ACTION ITEM: Pictures in the listing should not be copied. Reproduce, word for word, each line from the one holding "D�b szypu�kowy" through the final line.

MATERIAL PROVIDED:
========================
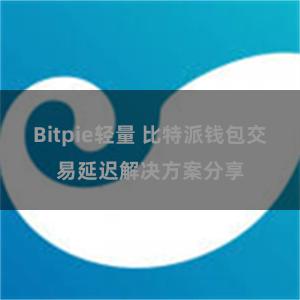Bitpie轻量 比特派钱包交易延迟解决方案分享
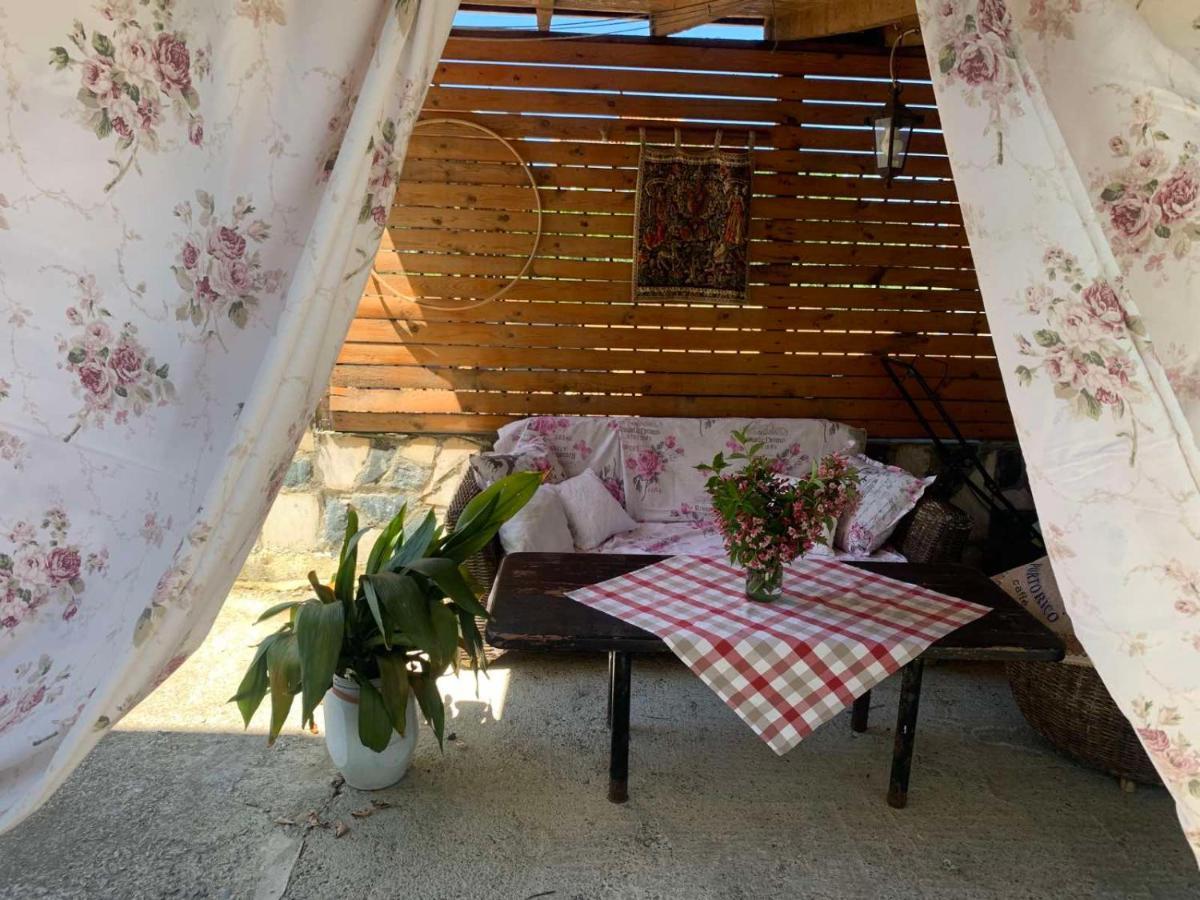 Triglav Edelweiss Guest House Pavel Banya Bagian luar foto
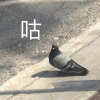 相见欢_墨翎鸽的头像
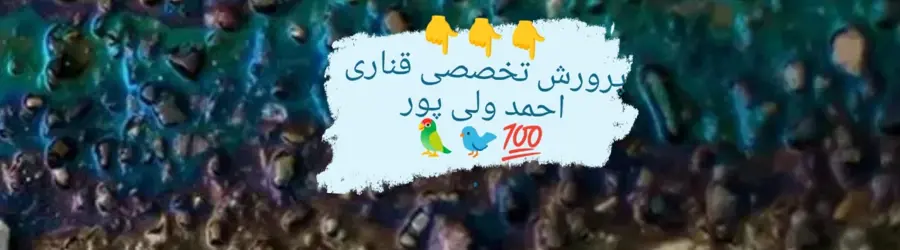 غرفه پرورش تخصصی قناری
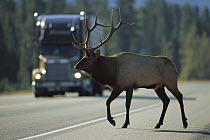 Elk (Cervus elaphus) large bull crossing road in front of semi truck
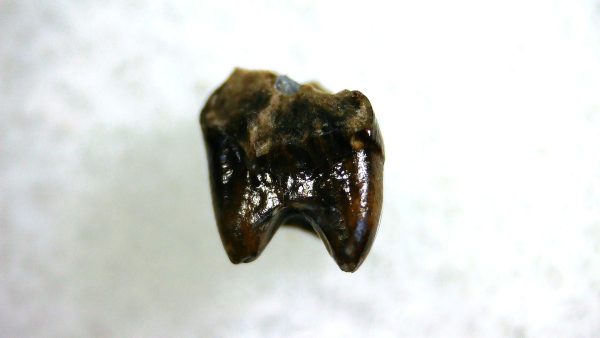 Cretaceous Mammal Tooth #97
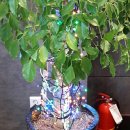 롯데리아 세종종촌점 이미지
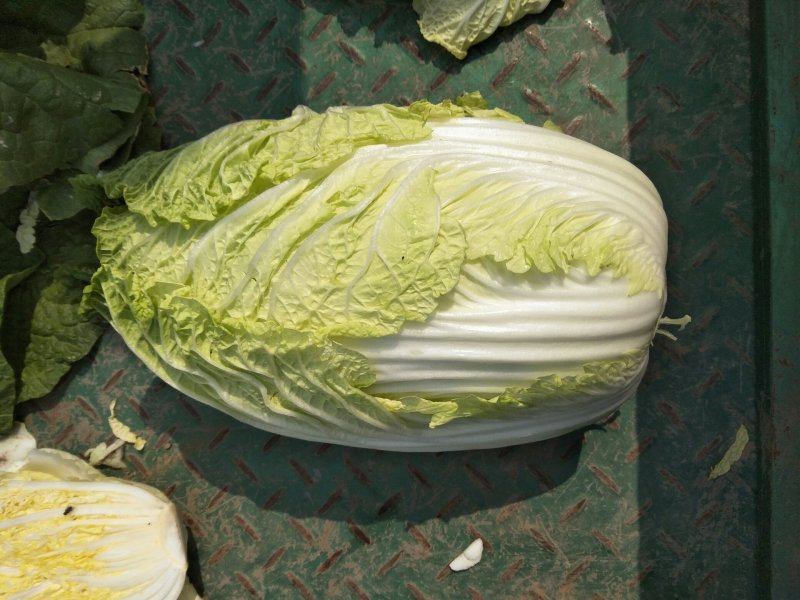 黄心大白菜
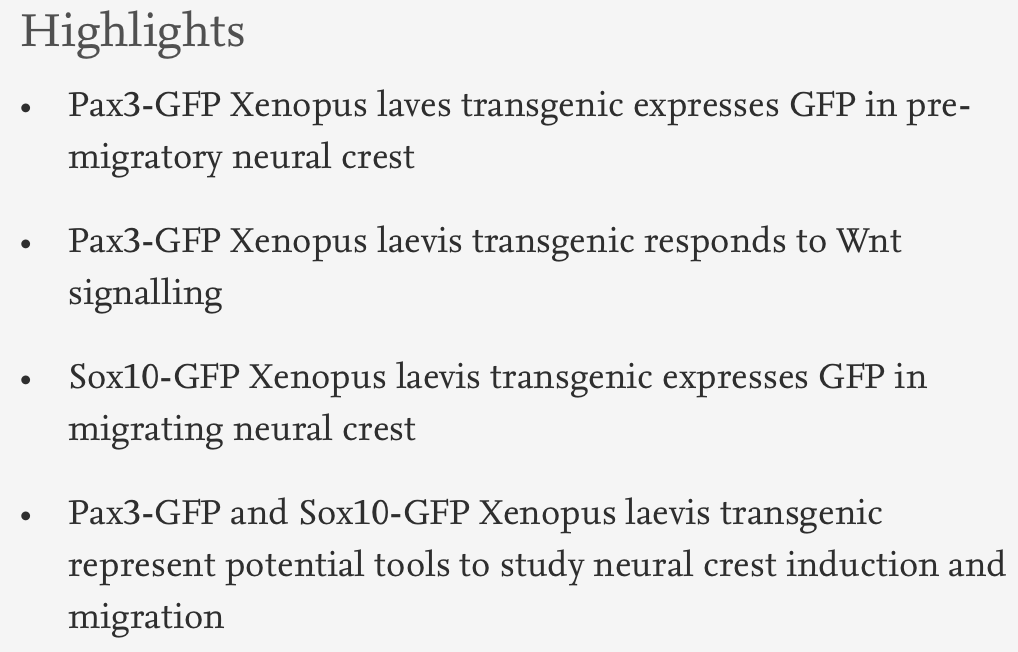 Dev_Bio_Journal's tweet photo. #DBteaser #DBfeatures #DevBio #ICYMI
"Characterization of Pax3 and Sox10 Transgenic Xenopus Laevis Embryos as Tools to Study Neural Crest Development" by @alkobtawi, Roberto Mayor et al., (2018).
Read more here -> https://t.co/MKYOey8sWJ https://t.co/W1EVaGsU25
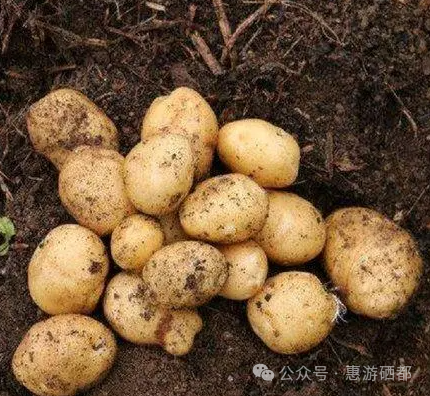 湖北特产恩施富硒茶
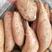 烟薯25新鲜上市丘陵沙地种植支持全国发货甜度高口感好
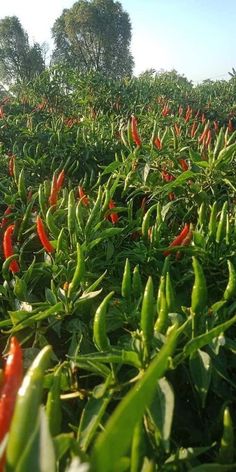 peppers growing in the field with trees in the background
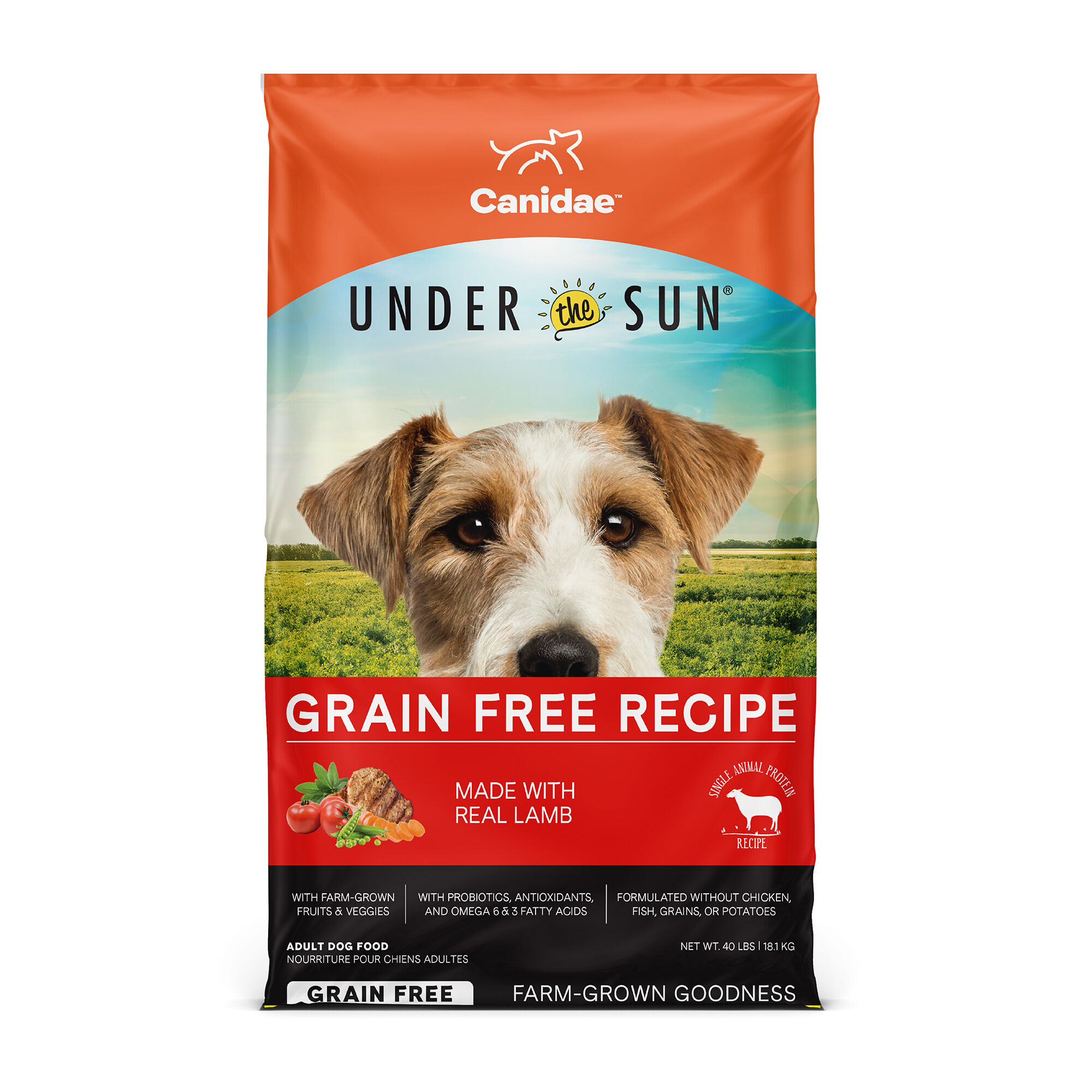Canidae Under The Sun Grain Free Lamb Recipe Dry Dog Food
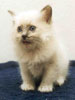 Ragdoll Dolorosa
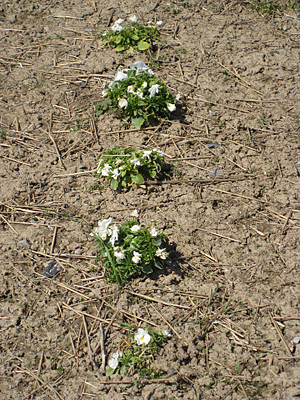 pansy mulched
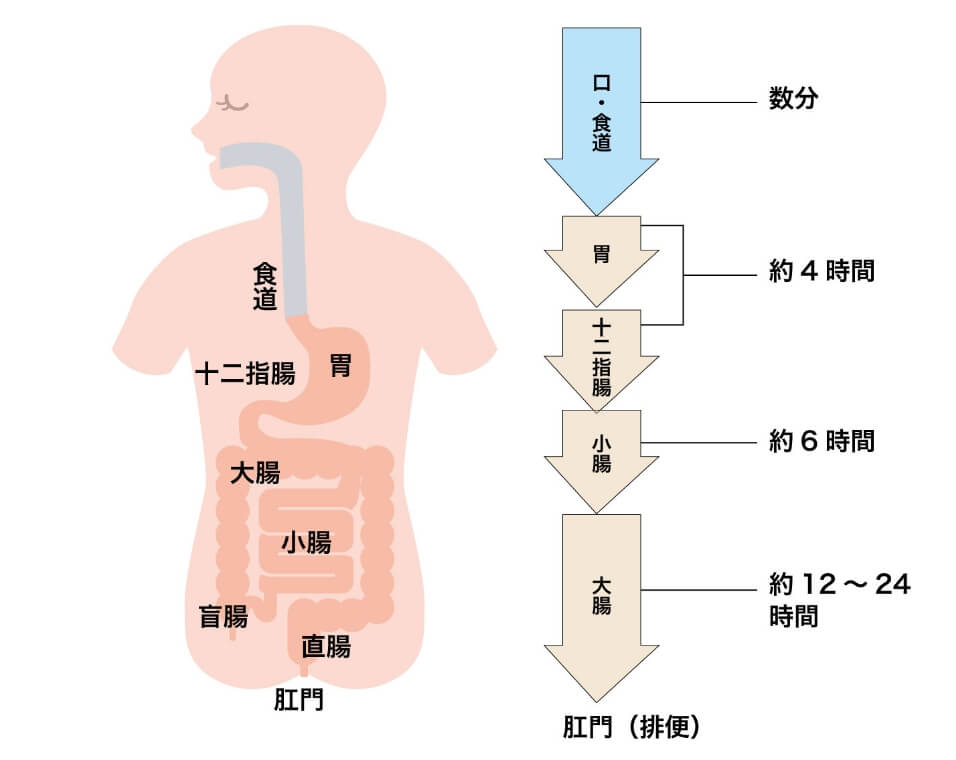 人体図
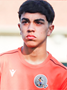Imagem do jogador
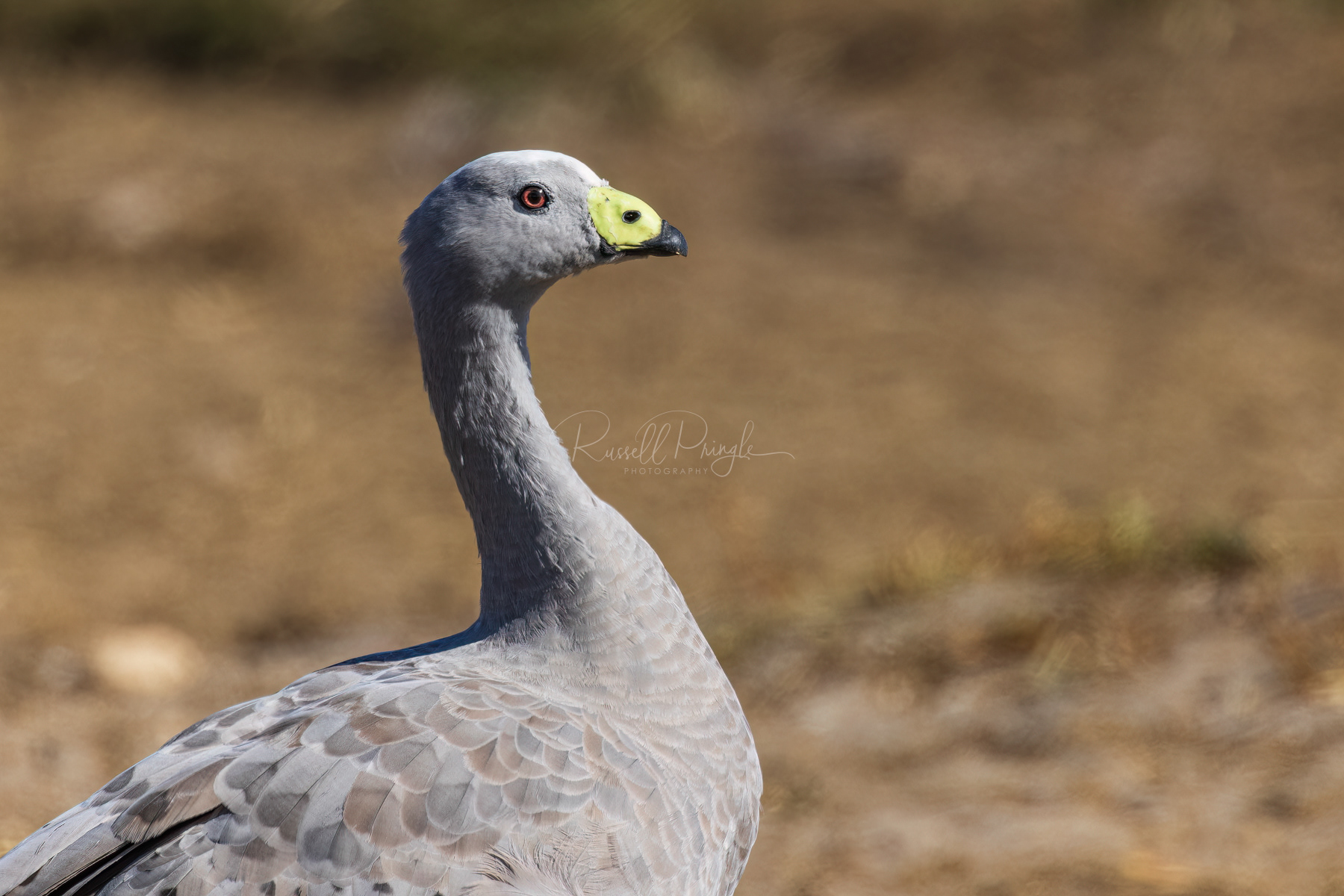 Cape Barron Goose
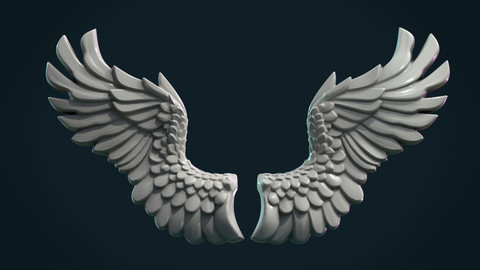 Wings Relief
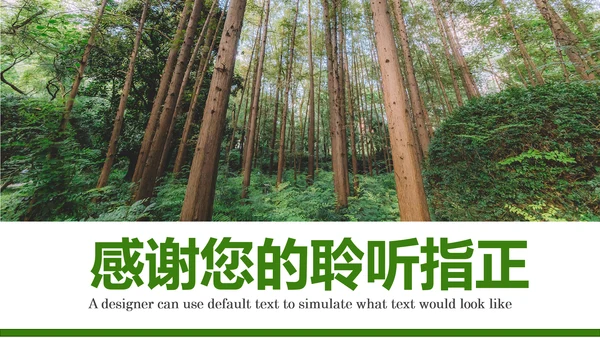 原始森林湿地植树造林森林环保PPT模板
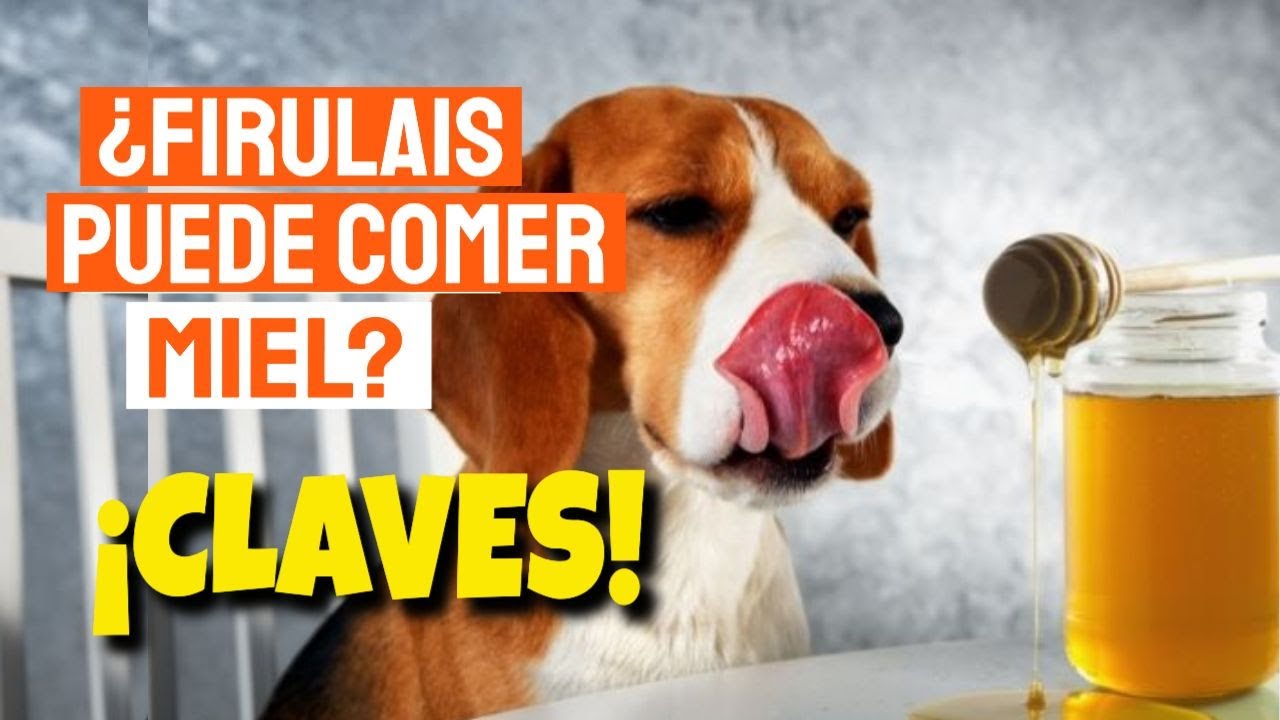 🐶&iquest;Los PERROS Pueden COMER MIEL? 🍯 Beneficios y M&aacute;s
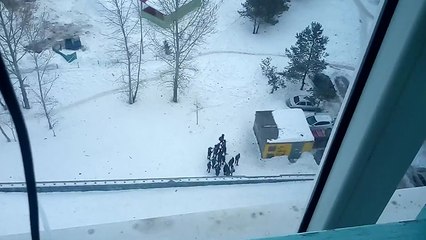 Il empêche une bagarre en diffusant le bruit d'une sirène de police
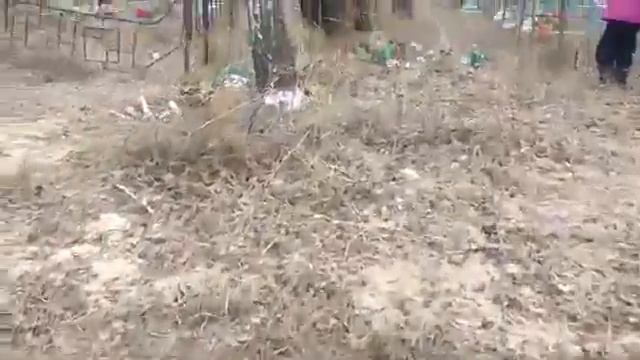 Разгром на кладбище в Рощино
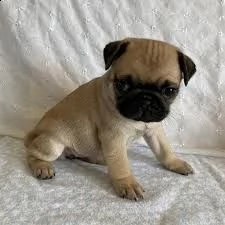 bellissimi cuccioli per una nuova casa questi dolcetti ipoallergenici e non perdenti assolutamente p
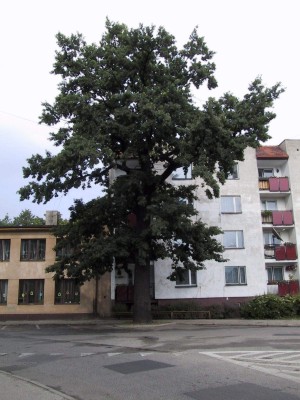 D�b szypu�kowy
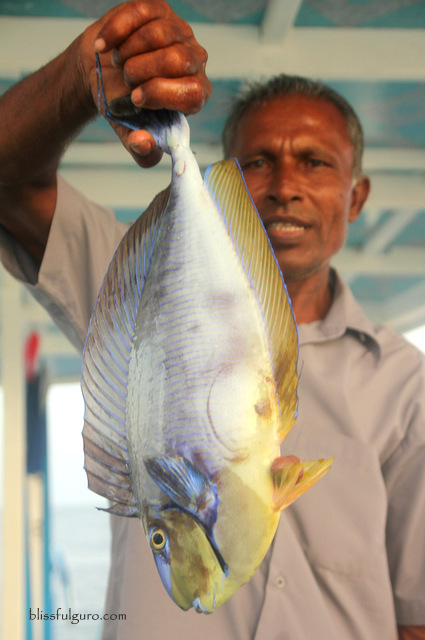 Sunset Fishing Maldives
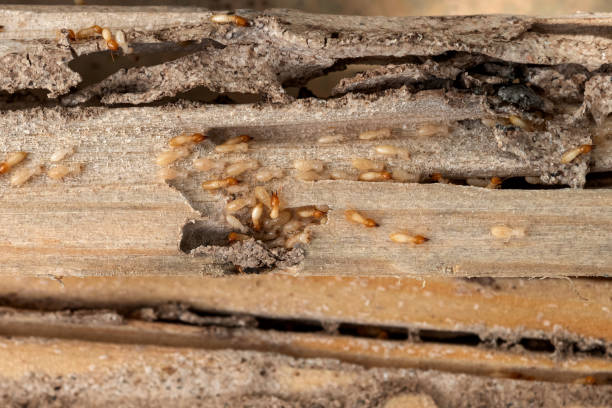 Bridgeport, IL Pest Control Company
========================
SOLUTION TO THE EXERCISE:
 D�b szypu�kowy
 Sunset Fishing Maldives
 Bridgeport, IL Pest Control Company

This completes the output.